SADA: Safe and Adaptive Aggregation of Multiple Black-Box Predictions in Semi-Supervised Learning
Jiawei Shan, Zhifeng Chen, Yiming Dong, Yazhen Wang, Jiwei Zhao
TL;DR
SADA provides a principled, data-driven framework to safely and adaptively aggregate multiple black-box predictions in semi-supervised settings. By formulating an unbiased augmented estimating equation and selecting an optimal weight vector, SADA guarantees performance not worse than the labeled-only baseline and exploits highly informative predictors to improve efficiency or achieve semiparametric efficiency. The approach is supported by theoretical guarantees, simulations, and two real-data analyses (politeness regression and ImageNet classification), and is accessible via an R package.

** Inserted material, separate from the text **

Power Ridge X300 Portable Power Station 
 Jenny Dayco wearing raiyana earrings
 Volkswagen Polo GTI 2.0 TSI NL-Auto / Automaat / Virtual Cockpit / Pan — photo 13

This enables robust use of diverse predictions from models and systems with uncertain quality in SSL contexts, with broad practical impact for inference and prediction tasks.
Abstract
Semi-supervised learning (SSL) arises in practice when labeled data are scarce or expensive to obtain, while large quantities of unlabeled data are readily available. With the growing adoption of machine learning techniques, it has become increasingly feasible to generate multiple predicted labels using a variety of models and algorithms, including deep learning, large language models, and generative AI. In this paper, we propose a novel approach that safely and adaptively aggregates multiple black-box predictions of uncertain quality for both inference and prediction tasks. Our method provides two key guarantees: (i) it never performs worse than using the labeled data alone, regardless of the quality of the predictions; and (ii) if any one of the predictions (without knowing which one) perfectly fits the ground truth, the algorithm adaptively exploits this to achieve either a faster convergence rate or the semiparametric efficiency bound. We demonstrate the effectiveness of the proposed algorithm through small-scale simulations and two real-data analyses with distinct scientific goals. A user-friendly R package, sada, is provided to facilitate practical implementation.